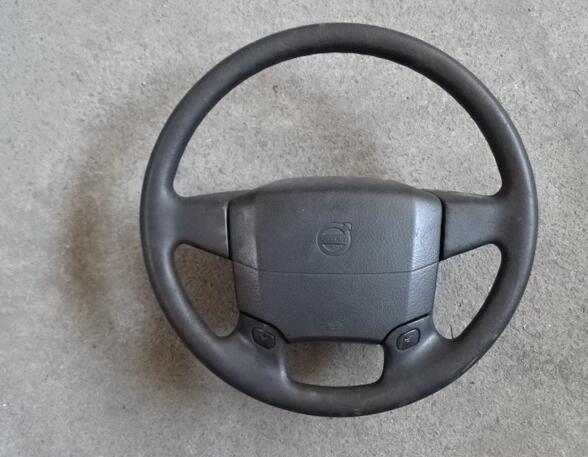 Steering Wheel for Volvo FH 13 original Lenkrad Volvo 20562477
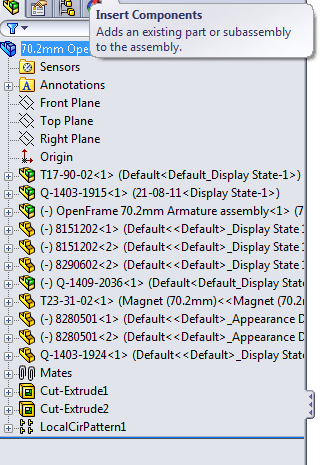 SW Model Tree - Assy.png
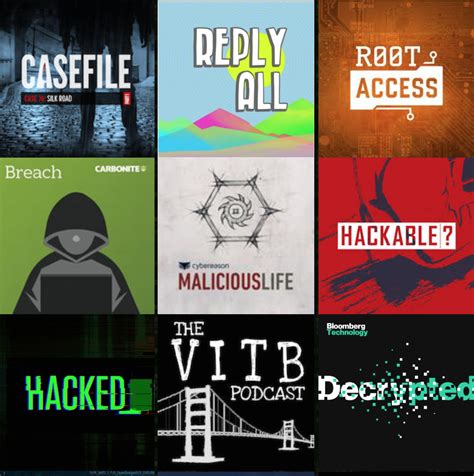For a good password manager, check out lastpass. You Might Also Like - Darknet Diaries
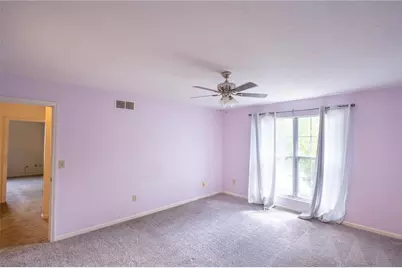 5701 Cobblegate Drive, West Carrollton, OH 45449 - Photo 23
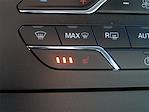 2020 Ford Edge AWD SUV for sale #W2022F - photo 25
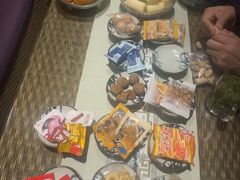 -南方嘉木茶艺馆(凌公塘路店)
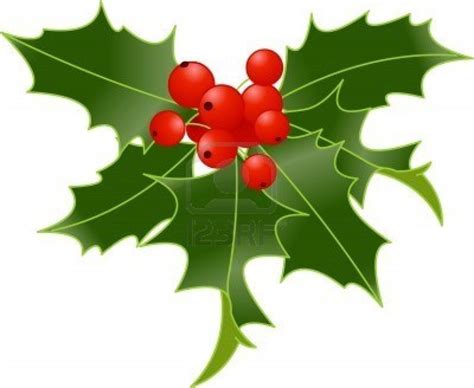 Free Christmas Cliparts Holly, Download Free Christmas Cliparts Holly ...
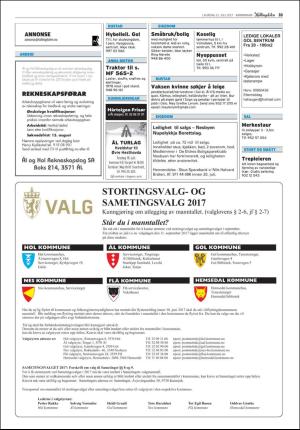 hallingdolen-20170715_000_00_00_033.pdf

=== EXERCISE DETAILS ===
Set down the material above as is, without any pictures.

=== EXERCISE RESULT ===
 Steering Wheel for Volvo FH 13 original Lenkrad Volvo 20562477
 SW Model Tree - Assy.png
For a good password manager, check out lastpass. You Might Also Like - Darknet Diaries
 5701 Cobblegate Drive, West Carrollton, OH 45449 - Photo 23
 2020 Ford Edge AWD SUV for sale #W2022F - photo 25
 -南方嘉木茶艺馆(凌公塘路店)
 Free Christmas Cliparts Holly, Download Free Christmas Cliparts Holly ...
 hallingdolen-20170715_000_00_00_033.pdf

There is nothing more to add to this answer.